Therefore, the best recipes with cabbage, both classical and some new versions, should be sought from these virtuosos whose knowledge in traditional dishes with cabbage dates back to distant past and who are able to disclose to us what secrets, tricks and methods of preparation of their favourite foodstuff have been passed on from one to another generation for long years.

The staff from the Frankopan Hotel in Ogulin disclosed to us what tastes of tradition spread from out their kitchen.

“In our kitchen, we like combining modern ingredients with tradition. The secret of taste of our dishes is in original, autochthonous ingredients that we always use in our cuisine. We have included our grandmothers’ and mothers’ heritage into professional cooking. Tradition and modern mean a perfect taste for all palates,” says Maja Lončarić, Sales Representative of the Frankopan Hotel.

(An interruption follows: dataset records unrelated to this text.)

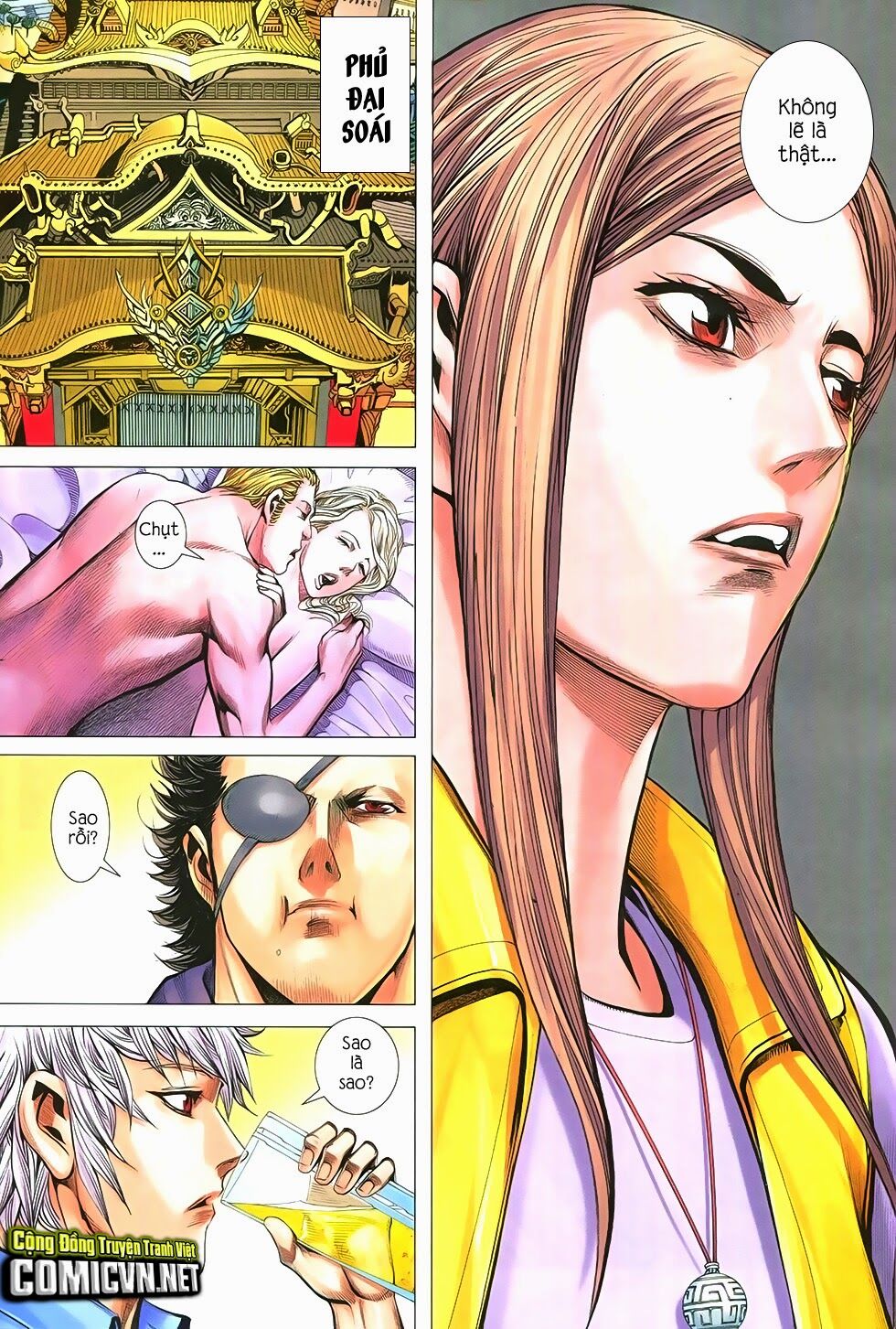 đại quân phiệt chapter 40 27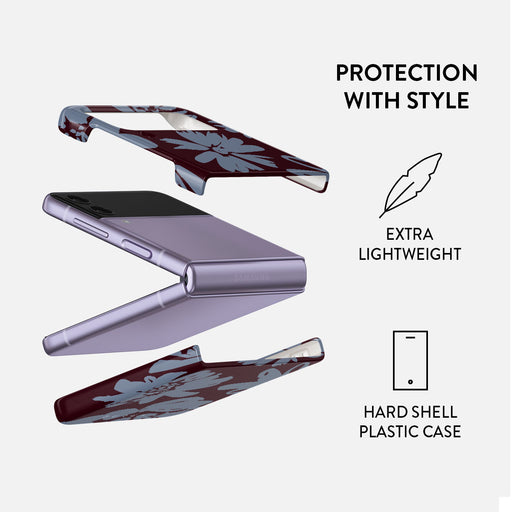 Darlin - Samsung Galaxy Z Flip 4 Case 2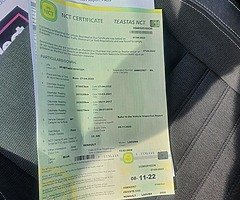Renault Laguna, High spec, New warranty - Image 9/10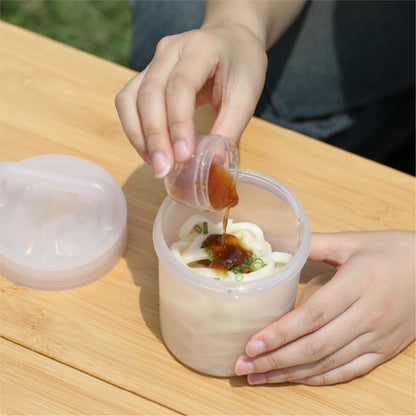 気軽に使えるボトルランチボックス ライスガール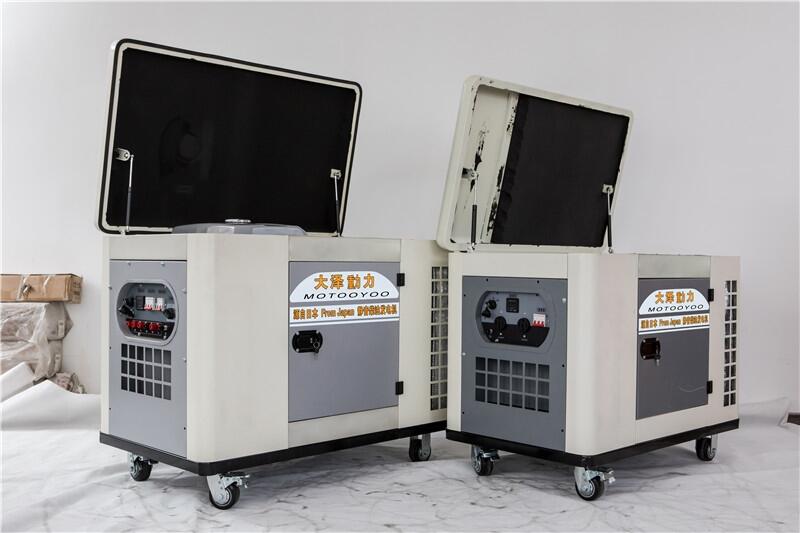 新聞:欽州柴油發(fā)電機(jī)組6千瓦廠家排名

One of such traditional-modern recipes is that for turkey rolls on a bed of sour cabbage:

“For side dish, we fry onion lightly. When the onion is caramelised, we add sour cabbage, and then walnuts, grapes and spices. We put water at times and cook for about an hour. While the cabbage is slowly simmering, we make turkey rolls which we fill with chard, pancetta and spices. We lay the rolls on the cabbage, cover the lid and let the rolls cook slowly with the cabbage,” the staffs at the Frankopan Hotel say.

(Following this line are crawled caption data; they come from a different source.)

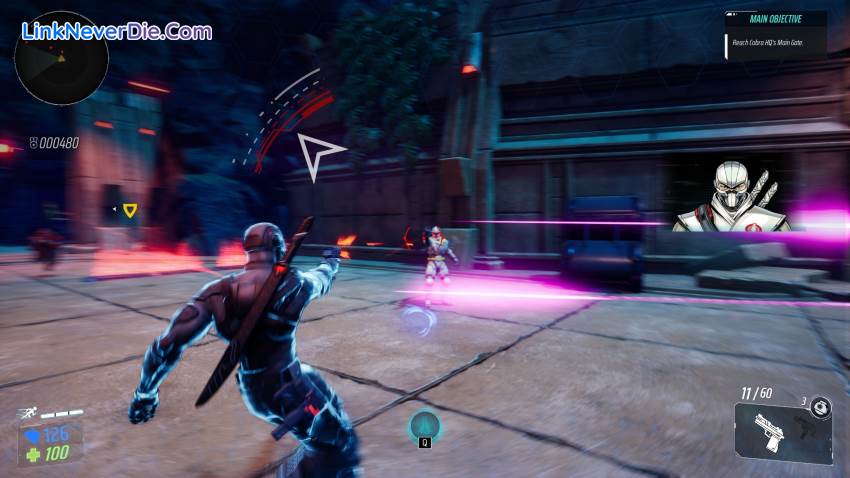 Hình ảnh trong game G.I. Joe: Operation Blackout (screenshot) Hình ảnh trong game G.I. Joe: Operation Blackout (screenshot)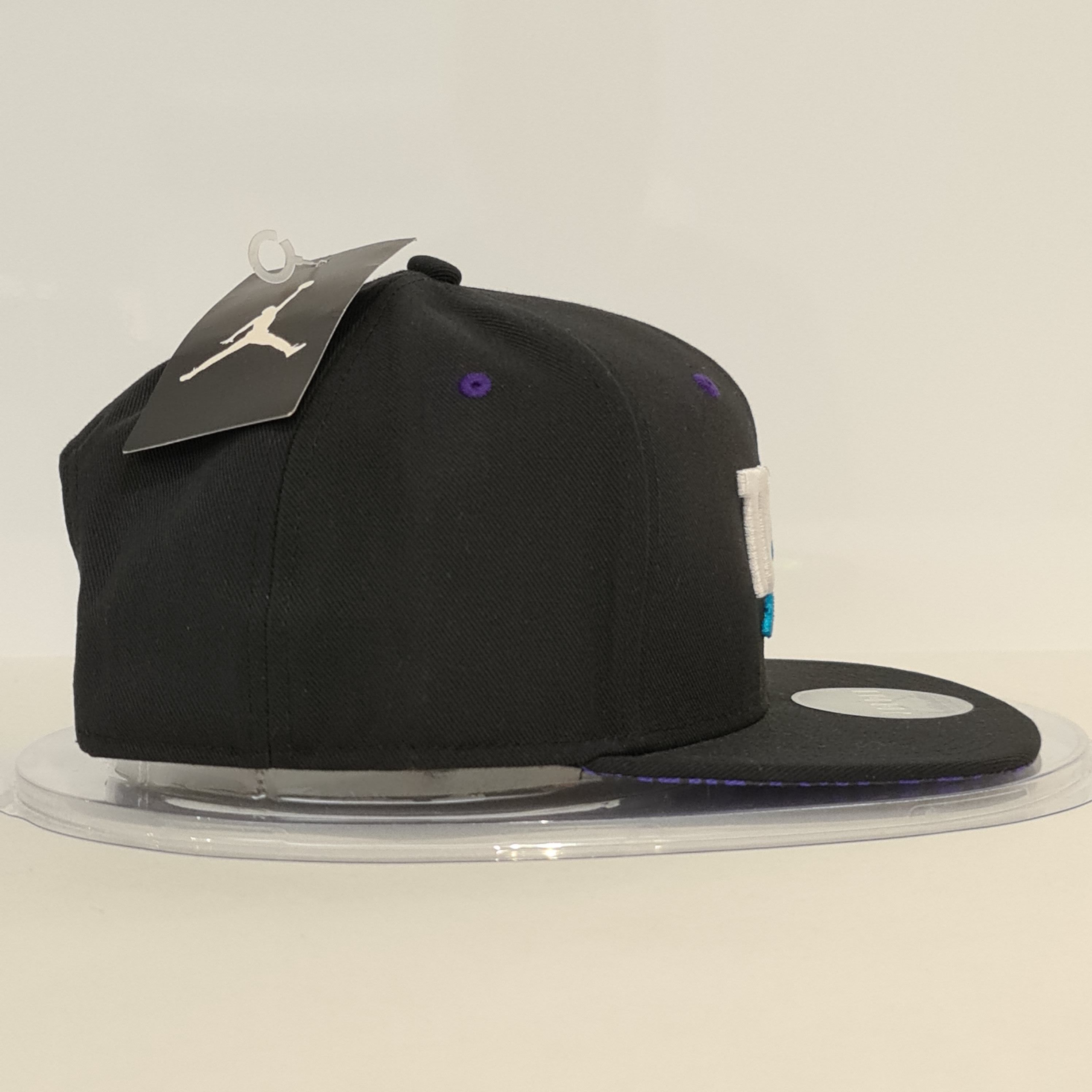 Jordan Brand Jordan Cap Snapback 'Tokyo' Black Size ONE SIZE - 4 Thumbnail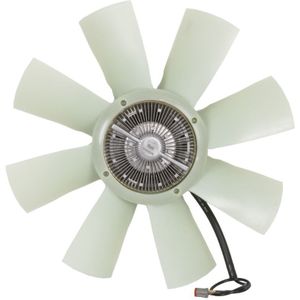 Koppeling, radiatorventilator NISSENS 86115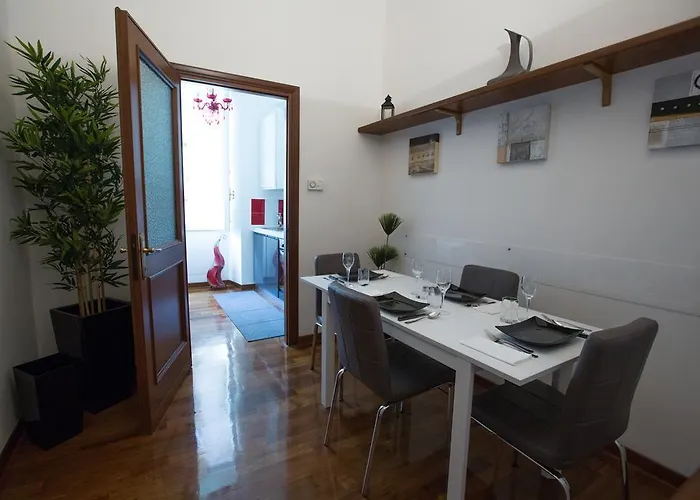 Apartment Steven *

From the other capital of the cabbage, Međimurje, we learnt all the secrets of rustic cuisine in the 21st century. The Međimurski Dvori Restaurant in Lopatinec, not far away from Čakovec, serves its delicacies in terra cotta dishes so that they preserve their traditional note and experience.

Tatjana Martinjaš, the Head of the Tourism Sector, described in which combinations they prefer to serve sour cabbage.

“On St. Martin’s Day, or on 11th in the month, we take sour cabbage on the table for the first time in the year and serve it with everything traditional, as it was once served,” she explains. Those are usually black pudding (krvavica), homemade roasted sausages, stewed potatoes, and the so called “kare u rečici”. “That is pork chop from below the belly and is coated with a lemon and a membrane to disable it to lose softness. Previously, it is marinated in garlic, laurel leaf, black pepper and salt and left to rest for a couple of days. It is roasted slowly and served with sour cabbage,” Martinjaš explains.


Sour cabbage is prepared in such a way that they first wash it, then simmer it on onion, red pepper and roast it in the oven for a while. It is also served fresh, in an amazing salad with pumpkin seed oil, the very mentioning of which made us hungry. “You just take sour cabbage, strain it, wash in cold water and pour it with the best pumpkin seed oil you have, and that is a perfectly healthy and fine salad full of vitamin C and everything you need for your immune system throughout the winter,” Martinjaš adds.

With these exciting and savoury combinations, one should certainly include cabbage in the menu more often and endure through the winter with the memorable tastes of tradition.